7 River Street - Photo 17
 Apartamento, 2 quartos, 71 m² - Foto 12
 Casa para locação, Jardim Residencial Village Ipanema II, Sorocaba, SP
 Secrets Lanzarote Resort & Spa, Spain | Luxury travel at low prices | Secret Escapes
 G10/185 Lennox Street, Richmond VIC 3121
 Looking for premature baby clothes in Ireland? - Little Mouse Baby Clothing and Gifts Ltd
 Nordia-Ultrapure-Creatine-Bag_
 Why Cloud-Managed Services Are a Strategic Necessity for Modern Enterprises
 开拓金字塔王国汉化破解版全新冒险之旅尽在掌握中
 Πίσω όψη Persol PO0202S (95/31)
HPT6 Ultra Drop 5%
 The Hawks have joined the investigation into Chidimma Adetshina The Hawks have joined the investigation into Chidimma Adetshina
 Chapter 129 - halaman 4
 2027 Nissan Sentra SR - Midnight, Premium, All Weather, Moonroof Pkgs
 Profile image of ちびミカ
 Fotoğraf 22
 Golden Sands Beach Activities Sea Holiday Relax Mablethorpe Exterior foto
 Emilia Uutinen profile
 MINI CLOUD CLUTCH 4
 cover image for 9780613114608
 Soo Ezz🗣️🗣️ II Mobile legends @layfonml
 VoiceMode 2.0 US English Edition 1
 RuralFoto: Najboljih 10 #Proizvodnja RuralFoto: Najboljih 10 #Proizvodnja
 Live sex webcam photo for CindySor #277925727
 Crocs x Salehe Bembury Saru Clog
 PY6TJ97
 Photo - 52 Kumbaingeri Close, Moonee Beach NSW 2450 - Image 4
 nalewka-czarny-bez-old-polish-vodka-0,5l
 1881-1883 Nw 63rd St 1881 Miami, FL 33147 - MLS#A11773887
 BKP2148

☆ ☆ ☆

§ **Task to complete**: A complete, exact transcription of the data above is the required answer.

§ **Exercise result**:
7 River Street - Photo 17
 Apartamento, 2 quartos, 71 m² - Foto 12
 Casa para locação, Jardim Residencial Village Ipanema II, Sorocaba, SP
 Secrets Lanzarote Resort & Spa, Spain | Luxury travel at low prices | Secret Escapes
 G10/185 Lennox Street, Richmond VIC 3121
 Looking for premature baby clothes in Ireland? - Little Mouse Baby Clothing and Gifts Ltd
 Nordia-Ultrapure-Creatine-Bag_
 Why Cloud-Managed Services Are a Strategic Necessity for Modern Enterprises
 开拓金字塔王国汉化破解版全新冒险之旅尽在掌握中
 Πίσω όψη Persol PO0202S (95/31)
HPT6 Ultra Drop 5%
 The Hawks have joined the investigation into Chidimma Adetshina The Hawks have joined the investigation into Chidimma Adetshina
 Chapter 129 - halaman 4
 2027 Nissan Sentra SR - Midnight, Premium, All Weather, Moonroof Pkgs
 Profile image of ちびミカ
 Fotoğraf 22
 Golden Sands Beach Activities Sea Holiday Relax Mablethorpe Exterior foto
 Emilia Uutinen profile
 MINI CLOUD CLUTCH 4
 cover image for 9780613114608
 Soo Ezz🗣️🗣️ II Mobile legends @layfonml
 VoiceMode 2.0 US English Edition 1
 RuralFoto: Najboljih 10 #Proizvodnja RuralFoto: Najboljih 10 #Proizvodnja
 Live sex webcam photo for CindySor #277925727
 Crocs x Salehe Bembury Saru Clog
 PY6TJ97
 Photo - 52 Kumbaingeri Close, Moonee Beach NSW 2450 - Image 4
 nalewka-czarny-bez-old-polish-vodka-0,5l
 1881-1883 Nw 63rd St 1881 Miami, FL 33147 - MLS#A11773887
 BKP2148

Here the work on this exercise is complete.